Le lendemain, la pluie a cessé. Mon lever est tardif et juste au moment du départ arrivent cinq randonneurs. Nous discutons un peu et je leur raconte mes aventures de la veille. Eux se sont dûment enregistrés et possèdent la fameuse clé du refuge. Compatissant à mes malheurs, ils m’invitent à entrer et à faire sécher mes affaires auprès du feu qu’ils se mettent en devoir d’allumer. Jouissance du chaud et du sec… Requinqué, je leur demande s’ils accepteraient de me laisser passer la nuit prochaine ici, puisque la cabane possède une dizaine de lits. Ceci me permettrait d’aller explorer le cratère plus tranquillement au cours de la journée, d’ailleurs déjà bien avancée. Ils renâclent un peu mais y consentent finalement. La possibilité m’est donc offerte de parcourir, frais et léger, et surtout sans sac sur le dos, l’immense dépression volcanique. La vie est superbe !
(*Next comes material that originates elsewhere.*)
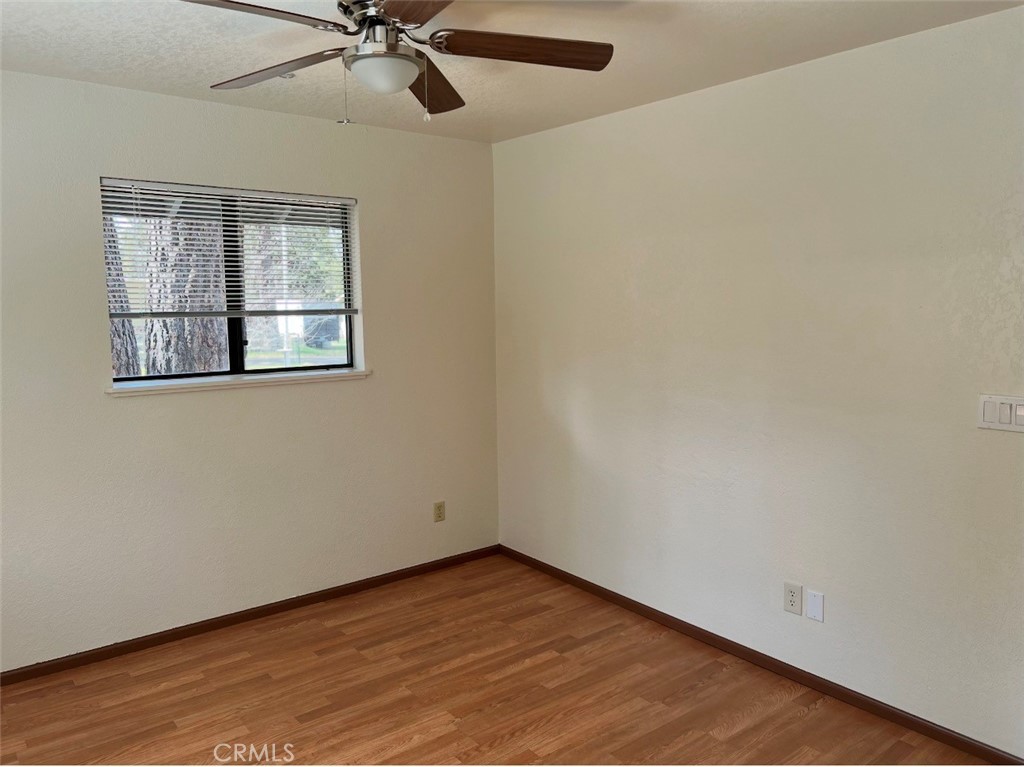 21729 2nd Property Photo 11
Au matin suivant, je quitte définitivement les hauteurs d’Haleakala et dirige mes pas vers la mer qu’il me faudra deux journées entières pour rejoindre. Aucune raison de me presser : maintenant le temps s’est mis au beau fixe, le soleil luit et les plantes incitent à la flânerie. L’ohelo, une grande airelle buissonnante assouvit de ses abondantes baies roses, presque aussi goûteuses que nos myrtilles, mon féroce appétit. Les mûres de l’alaka, la ronce indigène, sont également les bienvenues malgré leur légère amertume. Contrairement aux autres espèces, cette ronce est totalement inerme[3], ce qui facilite la cueillette de ses gros fruits rouge vineux, très sombres lorsqu’ils sont mûrs. Ce défaut d’aiguillons[4] serait une adaptation à l’absence d’herbivores au sein de la faune indigène de l’île.
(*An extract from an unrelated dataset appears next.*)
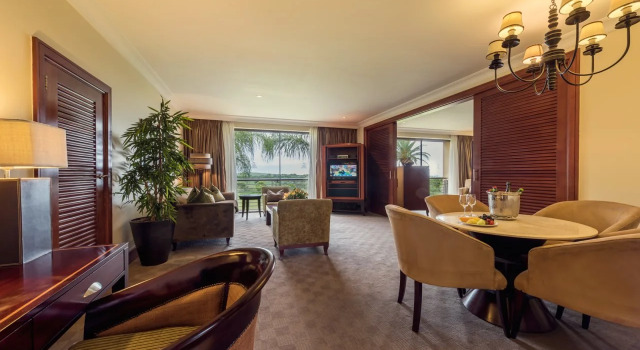 Royal Sibaya Hotel, Забронировать Отель Пляж Умдлоти Durban North Coast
Tout au long du chemin qui dégringole interminablement la pente, je tente de déterminer grâce à un excellent ouvrage sur la flore d’Hawaii – ma bible au cours de mon séjour insulaire – tous les végétaux que croise mon chemin, et ils sont légions : voici le bois de santal, un arbre parasite jadis exploité à Hawaii et expédié en Chine où on l’utilisait à des fins médicinales[5] ; le sophora à feuilles d’or dont les grandes fleurs sont d’ailleurs nettement plus jaunes que le feuillage ; le pilo des montagnes aux feuilles coriaces, autrefois utilisées comme teinture ; le géranium en arbre, nohoanu, aux fleurs rose vif, et bien d’autres aux noms moins prononçables.

Enfin j’arrive au bout du chemin, sur une plage déserte. Je me déshabille et plonge voluptueusement dans les vagues câlines de la côte sous le vent.


[1]  Ils ne poussent au monde que dans ce cratère et dans ceux de la grande île d’Hawaii.

[2] Le pédoncule est la « queue » de la fleur ou du fruit.

[3] Non piquante.

[4] Contrairement à l’expression populaire, les rosiers et les ronces ne portent pas des épines, rameaux modifiés impossibles à arracher, mais des aiguillons issus de l’écorce, qui se détachent facilement.

[5] C’est un cousin du santal d’Inde qui fournit une célèbre huile essentielle.